======== Data extract ========

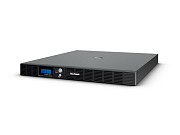 ИБП CyberPower SMART Office Rackmount (OR) OR1500ELCDRM1U ИБП CyberPower SMART Office Rackmount (OR) OR1500ELCDRM1U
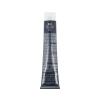 Inebrya Color Боя за коса 100 ml Нюанс 8/0 Light Blonde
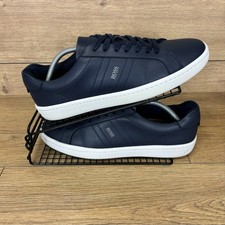 Hugo Boss Shoes Mens Size UK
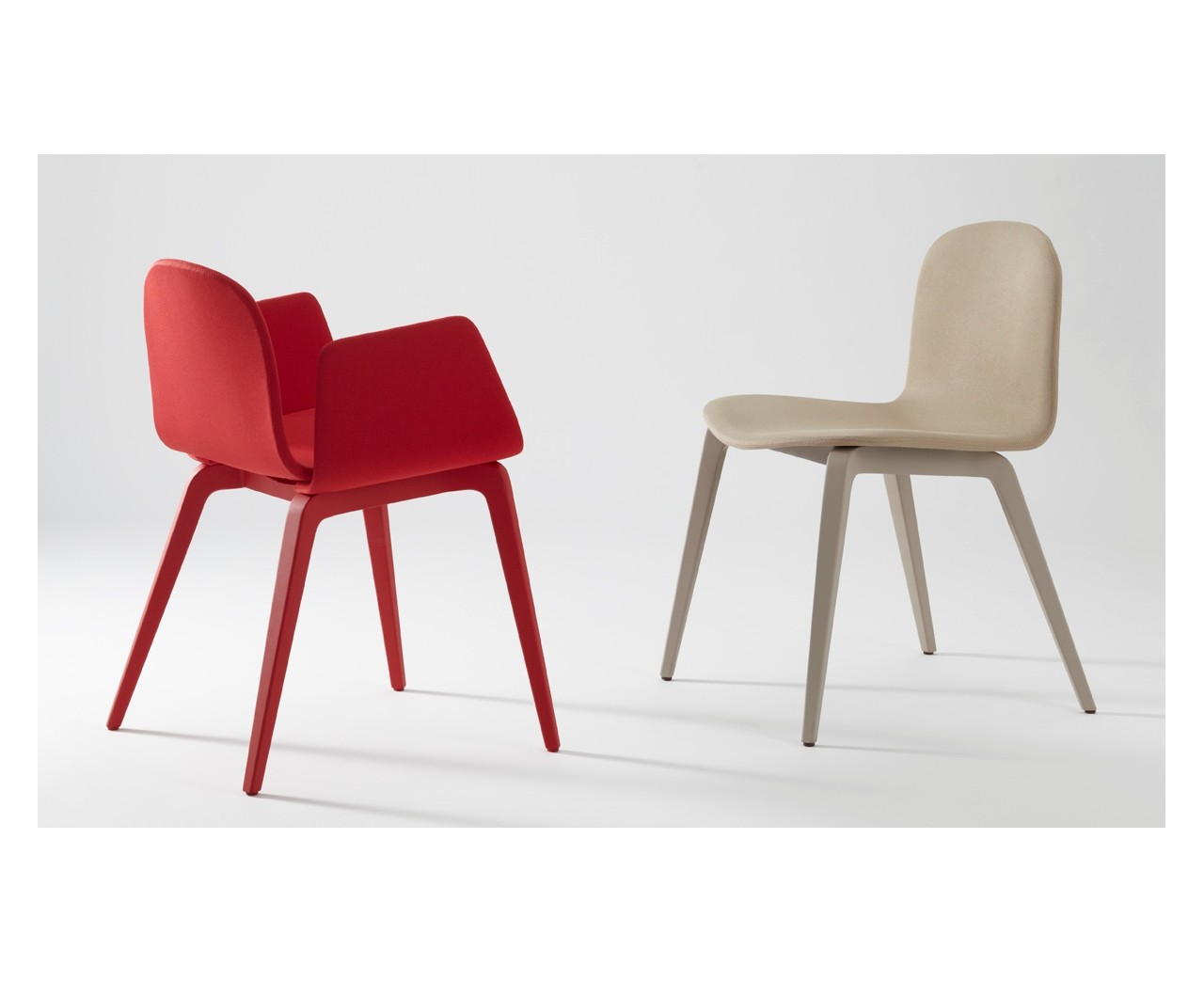 Chaises fauteuils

========

**Work item:**
Starting where a line contains "Inebrya Color Боя" and finishing at the last line above, set down every line exactly as it reads, with no pictures.

**Solution to the problem:**
 Inebrya Color Боя за коса 100 ml Нюанс 8/0 Light Blonde
 Hugo Boss Shoes Mens Size UK
 Chaises fauteuils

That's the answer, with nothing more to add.